読書は人生のためになるとか、得になるとか言われると、途端にひねくれたくなる。得になろうが、人生に有益だろうが、本を読むのは面白いし、おそらく、為にもならぬ悪書も読むし、どうでもいい猥雑なものを堪能するし、一方で、自分の中での名作を繰り返し、繰り返し読む。そういうのは、きっと「正しい読書」ではないのだろう。
子どものころ、図書室にこもって本を読むのが好きだった。あのかび臭い感じも実は、自宅が本屋だったせいもあって、ボクには生活臭だった。棚の端から本を拾い出し、次々と読んでいった。わけがわかろうがわかるまいが、本に向き合っているだけでけっこうな感情がこみ上げてきたのだ。
好きだったのは、ドキュメンタリーと図鑑。世の中にはおもしろいものがたくさんあるんだとわくわくした。嫌いだったのは伝記。偉くなった人の人生を偉そうに書かれてもおもしろくない。これは、その後の藤沢周平好きにつながってしまっているようだ。
何度も何度も繰り返して読んだのが、エベレストの初登頂の記録と、本田宗一郎の伝記。おかしいじゃないかと、伝記だろと思うのだが、どっちかというとホンダの記録という感じがして、そこには技術者が何に挑んでいったかが描かれていておもしろかった。
読書の記録とかいうのもあったが、そんなもの書いているくらいなら本を読むことにした。よく先生に、ちゃんと読んでいるのだから書きなさいと言われたが、ちゃんと読んでいないので書かなかった。面倒だったのだ。そんなつまらんインセンティブには引っかからないぞと、ませがきはいつもつぶやいていた。大人の、先生のやることなど見え透いていたのだ。

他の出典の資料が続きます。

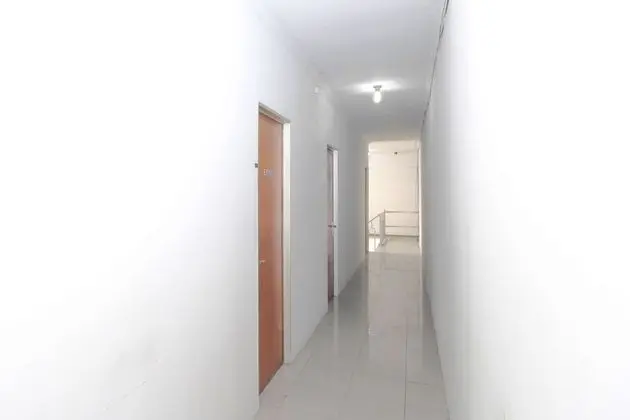 Kamar Keluarga Tanjung Duren II - İç Mekan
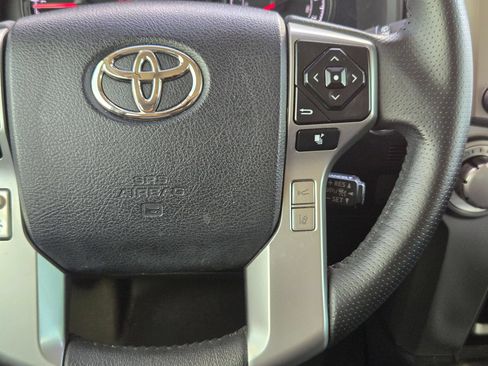 Used 2022 Toyota 4Runner SR5 Premium w/ Moonroof Package RWD image 22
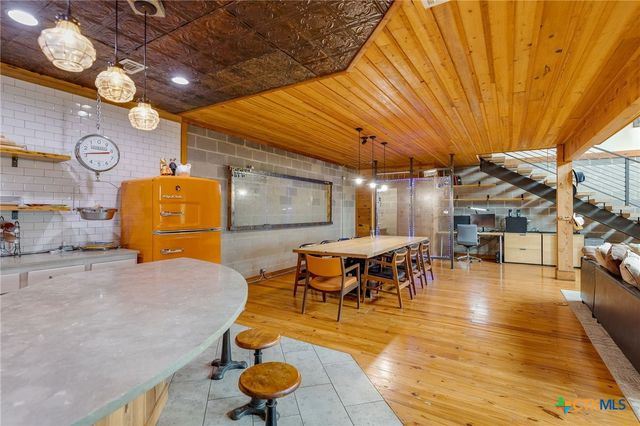 10104 Vassar Road, Jonestown, TX 78645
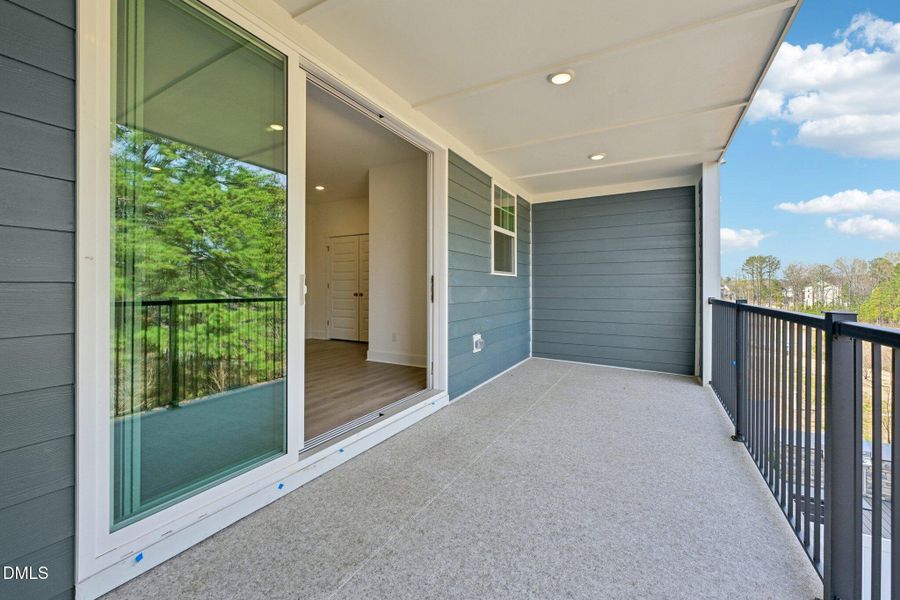 45-web-or-mls-Dunzo Dr-S1203-045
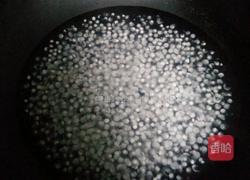 燕麦西米牛奶的做法图解2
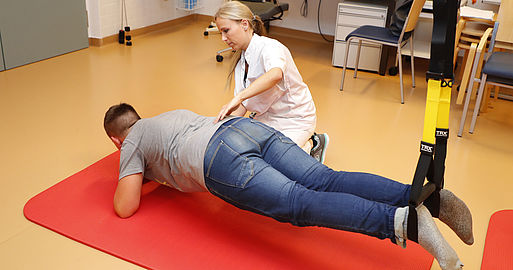 Therapeutin mit Patient bei der Physiotherapie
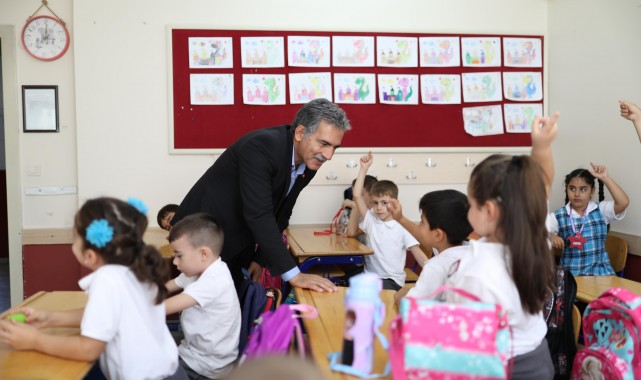 Gemlikli miniklere çantaları Başkan Amcalarından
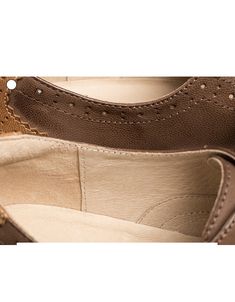 These genuine leather brogue-style Oxford shoes for women feature a sophisticated design utilizing three distinct colors of high-quality leather, expertly stitched at various points on the shoe. The refined brogue detailing lends a retro yet elegant aesthetic. In contrast to traditional arrow-shaped soles, these women's oxford shoes incorporate a more casual and spacious sole, accommodating wide toe box without sacrificing style. Additionally, sponge padding in the insole and heel enhances overa Style Oxford Shoes, Oxford Shoes Women, Oxford Shoes For Women, Women's Oxford Shoes, Oxford Shoes Style, Brogues Style, Elegant Aesthetic, Leather Brogues, Spring Color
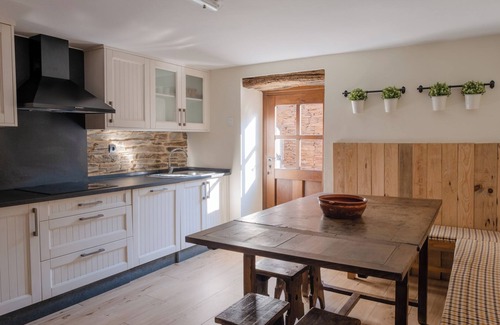 Samos Cottage | Pet-Friendly Houses of Outeiro with Spa & Hot Tub for 6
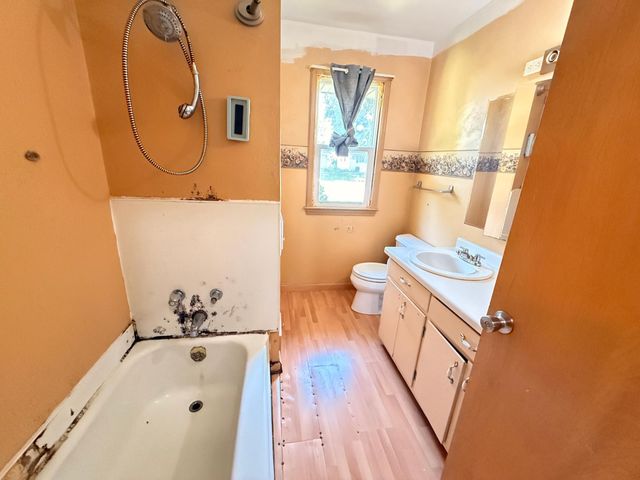 2022 Hyacinth Avenue E, Saint Paul, MN 55119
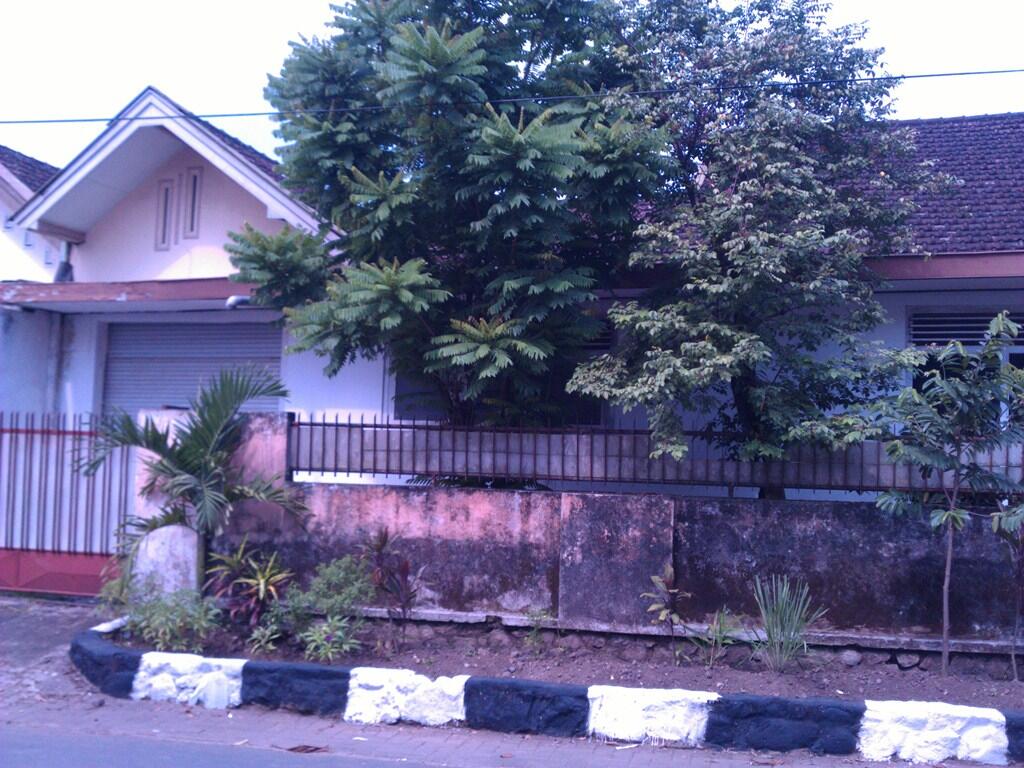 DIJUAL ATAU DISEWAKAN RUMAH PINGGIR JALAN MALANG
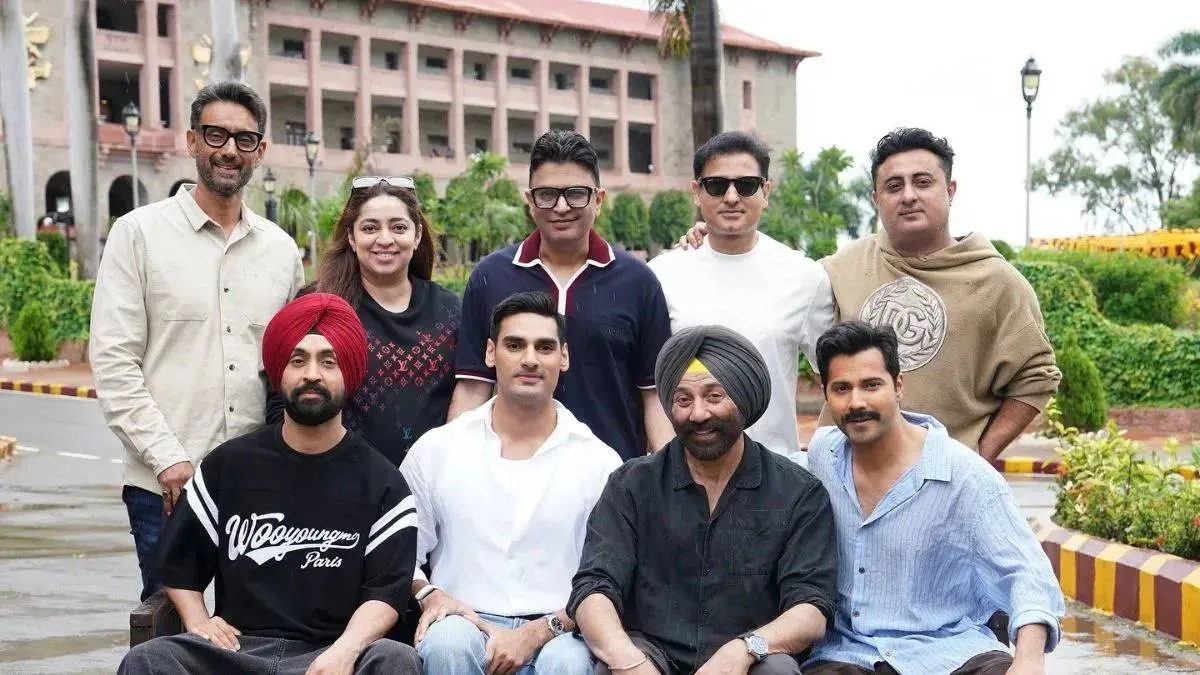 Sunny Deol-Diljit Dosanjh ਦੀ ਫਿਲਮ Border 2 ਦੇ ਟੀਜ਼ਰ ਨੂੰ ਮਿਲਿਆ U/A ਸਰਟੀਫਿਕੇਟ, ਇਸ ਦਿਨ ਦੇਖਣ ਨੂੰ ਮਿਲੇਗੀ ਪਹਿਲੀ ਝਲਕ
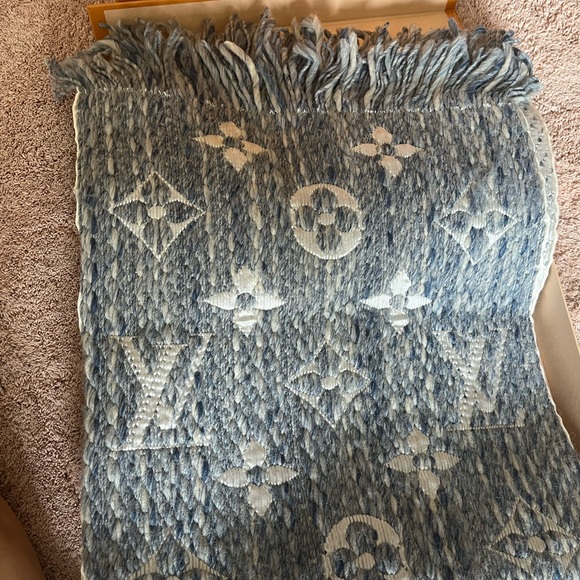 BNWT Louis Vuitton scarf - Picture 2 of 6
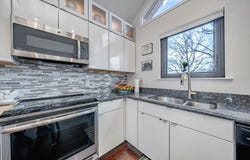 166  Falls Point Dr, Lake Ozark, MO 65049
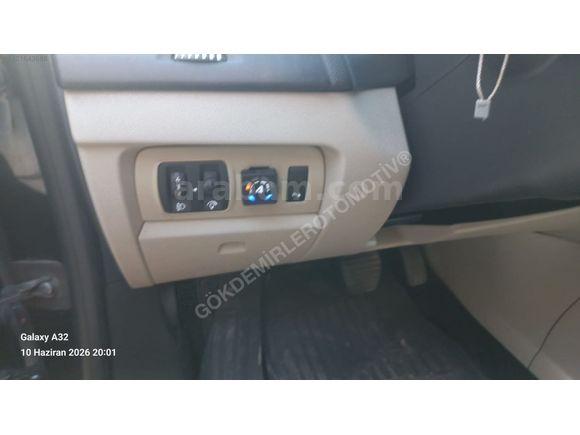 2011 MODEL MEGANE 3 1.6 16V OTOMATİK VİTES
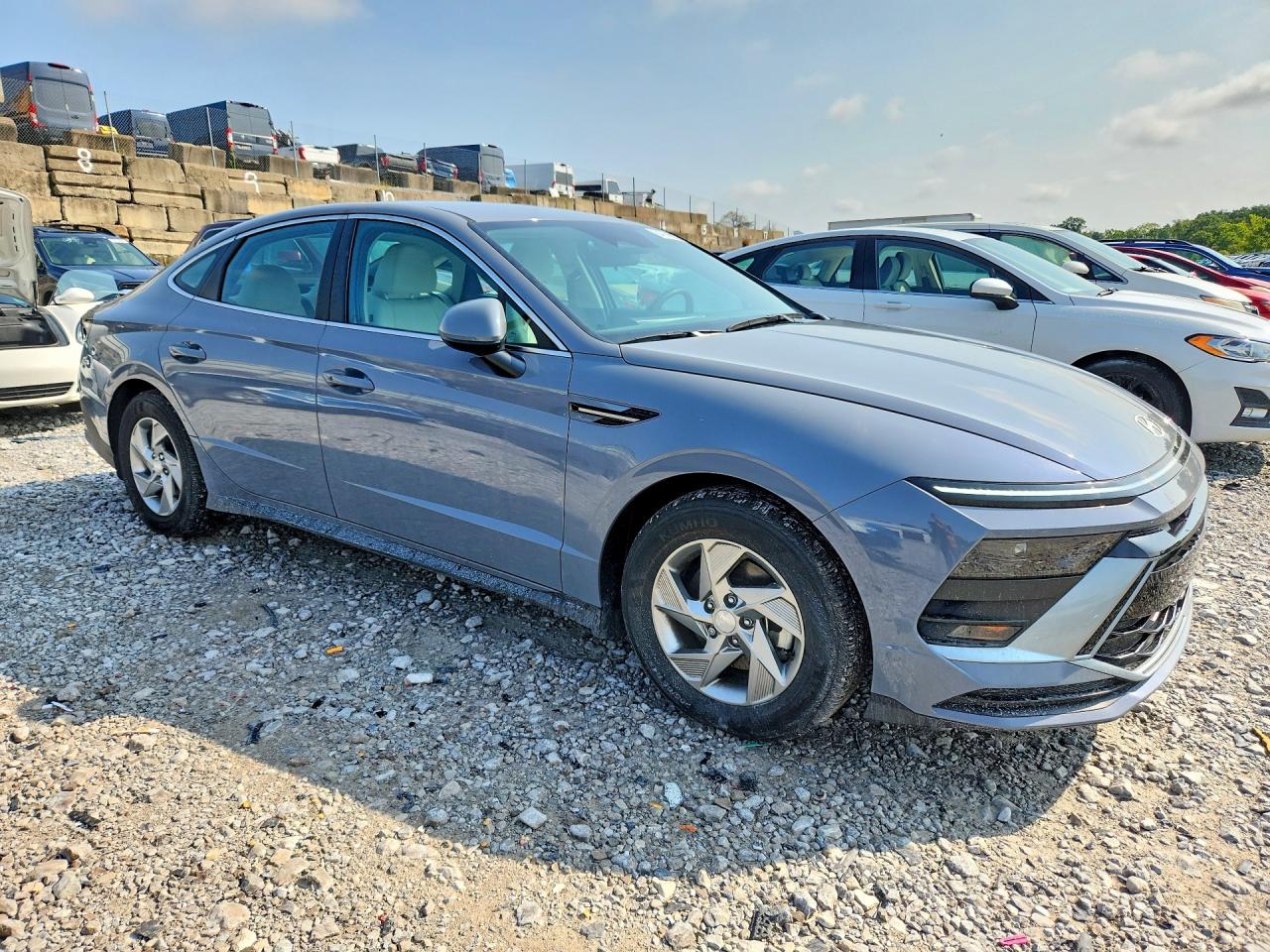 2025 Hyundai Sonata Se Gray vin: KMHL24JA3SA492537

だから、自作童話大会にでたときも、話はおもしろかったが、落選した。新聞の写真はボクなのに、選ばれていないのは、なかなか自分自身気持ちがよかったが、友達がおもしろかったよなあーなどと話題にするたびに、急に正面から闘わなかったような自分が恥ずかしかった。元々出る気もなかったのだが。
読書感想文も常連だった。途中から面倒になって読みもしない本の感想文を適当に先生が喜ぶように書いた。「車輪の下」の感想文が入賞し、何かの賞を頂戴したが、今もって読んでいない。そんなものにだまされてたまるかという具合だ。
趣味を読書と書いたことも言ったこともない。生活の一部だ。血肉であり、呼吸である。
だけど、ブックレビューに出てくる本など読んだことはない。一体何を読んでいるのだろうと思うが、適当に手に取ったものを読んでいるだけ。こういう人にとっては、読書週間て何だろう。どんなインパクトがあるのだろう。
学校ではまだそういうのをやっているんだろうか。変わらない理由は何だろう。読書神話か。悪書は追放されるというのに。だったら、そんなの思想統制だろう。